Some abstractions are too high-level to provide meaningful performance metrics. Therefore, high-level abstraction operations may need to be implemented at a lower level.

In fact, there may be multiple levels of abstraction at a level that is gradually approaching the machine itself. As shown in Figure 1, the operation of a higher level abstraction (Abstract 1) can be implemented by a lower level of abstraction (Abstract 2), while a lower level of abstraction can be implemented by a lower level of abstraction (not shown in the figure). There are some interesting layers of abstraction that take us from high-level programs to machine instructions, physical hardware, logic gates, transistors, and finally to electrons. However, we focus only on the higher levels.

Turing Award winner and author of "The Book of Dragons" explains in a long article: What is "abstraction"?

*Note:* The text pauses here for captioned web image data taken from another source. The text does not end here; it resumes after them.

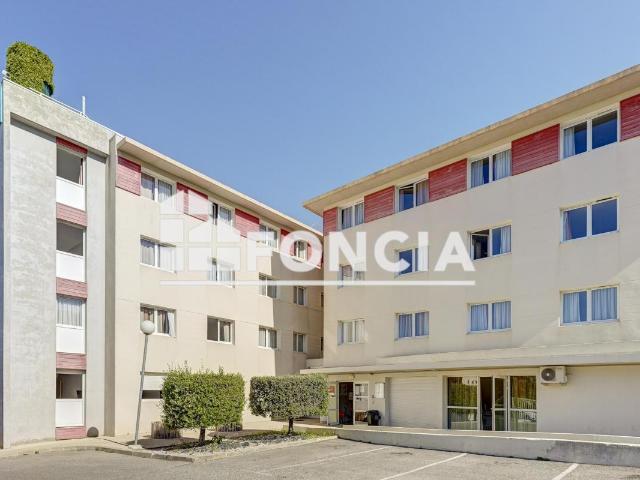 Studio 19 m²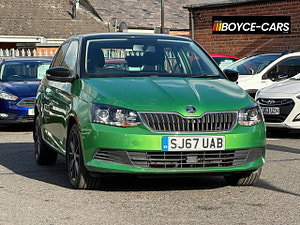 Skoda Fabia thumbnail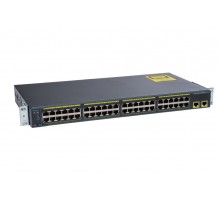 Коммутатор Cisco WS-C2960-48TT-L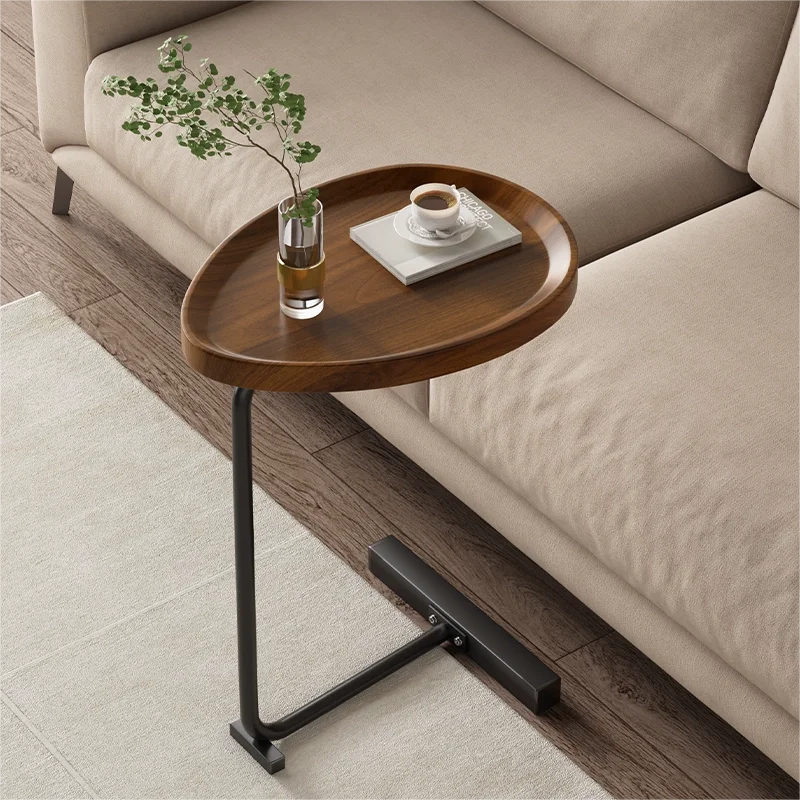Modern Compact Side Table for Living Room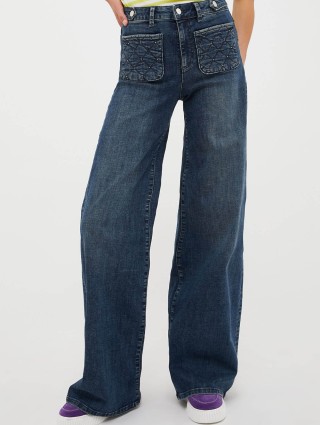 Сині джинси MAX&CO : фото 1 - Invogue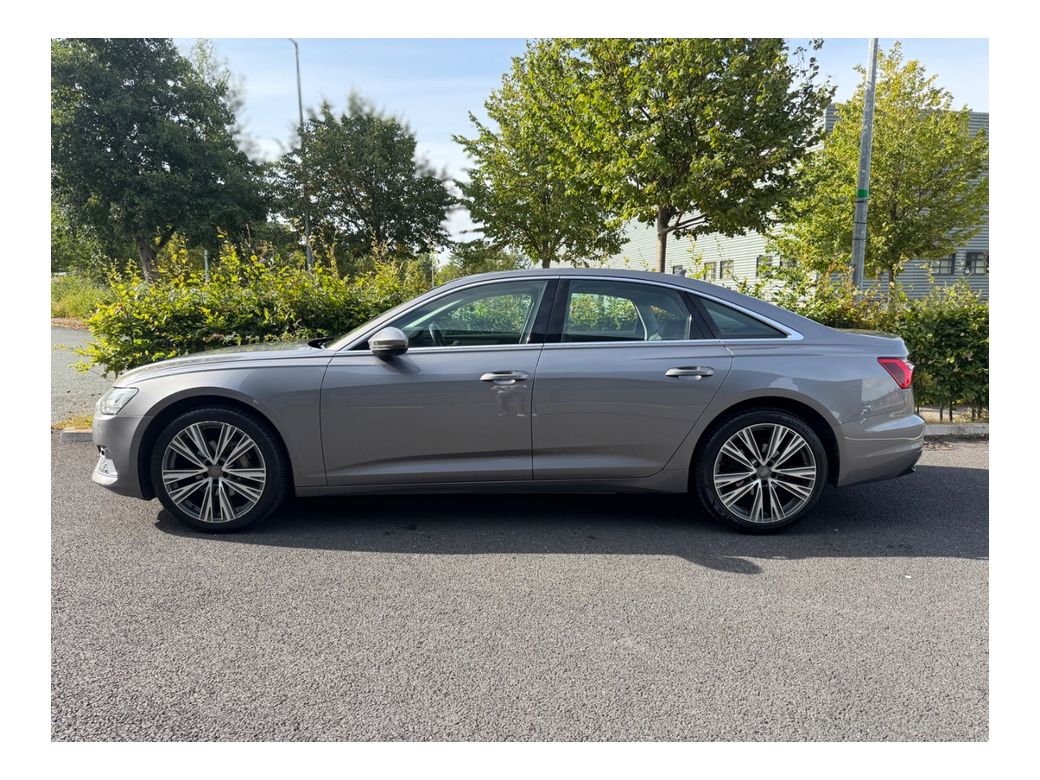 2019 Audi A6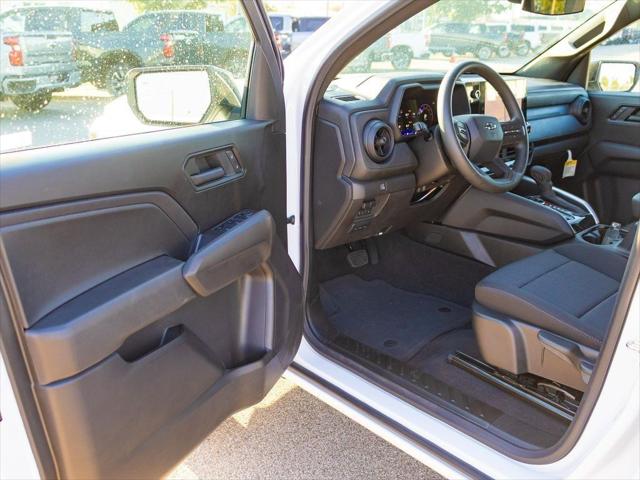 2025 Chevrolet Colorado 4WD Trail Boss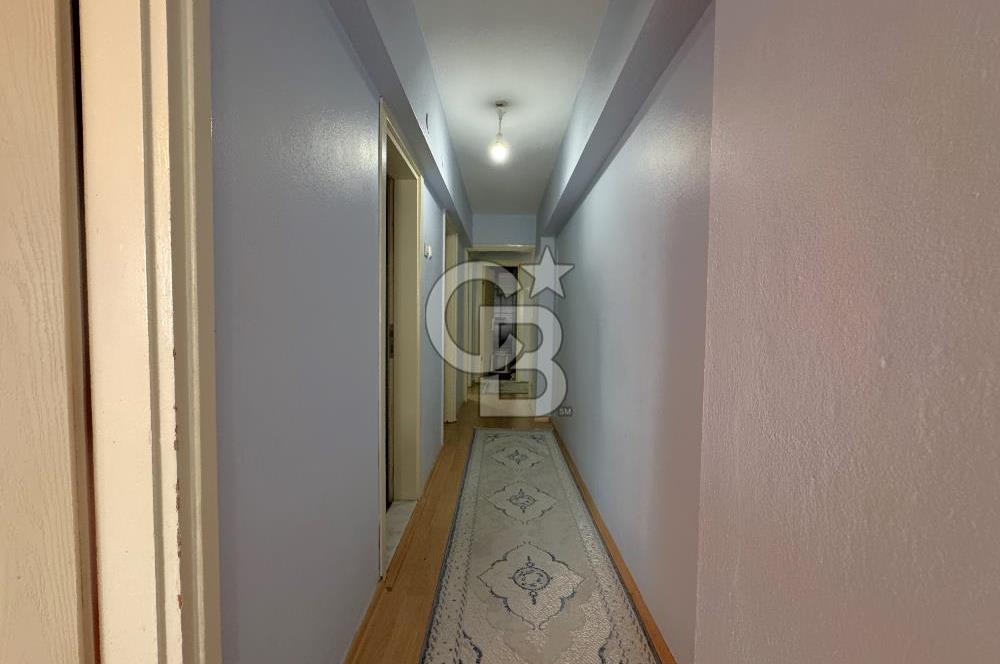 TÜRK KOLEJİ YAKININDA SATILIK 3+1 DENİZ MANZARALI ARA KAT DAİRE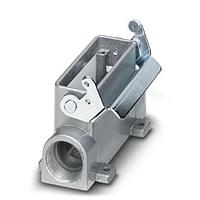 PHOENIX CONTACT 1416390 Housings HC-D25-SML-57/O1PG21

Figure 1. Abstraction layer and algorithm layer

Algorithms that operate using Abstract 1 are compiled into algorithms in the lower level abstraction 2. In this article, we are using the term compiler in the general sense, not just the regular compiler of the programming language highlighted in the Dragon Book, but also the algorithm that converts one abstract program into another, which is probably a lower-level abstraction. Therefore, in some cases, the compilation process is simple, and each operation at a higher level is superseded by one or more specific operations at a lower level. In other cases, especially when compiling from traditional languages (such as C) to machine-level languages, translation algorithms are very complex. There are other cases, such as when advanced abstractions use powerful algebraic operations such as linear algebra or relational algebra, where optimization is critical because primitive compilation often causes the algorithm to take orders of magnitude longer than the algorithm generated by optimizing compilation.

This may be because Abstraction 2 is too close to the machine level and therefore has meaningful performance metrics. If so, Abstract 1 can inherit these indicators, providing a good concept for algorithms written in Abstract 1. But high-level abstractions can often be implemented in several different low-level abstractions. Each low-level abstraction may provide a completely different concept of runtime or other measures, so at a high level there must be different concepts of algorithmic goodness.

1.2 Abstract taxonomy

We can identify at least four different types of abstractions that can be divided according to their intended goals. In the discussion that constitutes the bulk of this article, we will give corresponding examples and explore their interactions.

1.2.1. Basic Abstraction

Like all abstractions, basic abstractions consist of data models and operations. These abstractions are often thought of as abstract data types implemented in object-oriented programming languages. But basic abstractions have no concrete implementation of the operation, nor do they have a specific data structure that represents the data. One can also liken these abstractions to interfaces in Java, but unlike interfaces, these abstractions have the intended meaning for their operations, not just the names of the operations.

Studying basic abstractions actually serves two very different purposes. In some cases, they represent common operations that are worth studying separately, and there are multiple ways to implement them. For example, we discuss dictionaries (a collection of insert, delete, and lookup operations) in Section 1.4. Other examples of this type include stacks, queues, priority queues, and many other abstractions.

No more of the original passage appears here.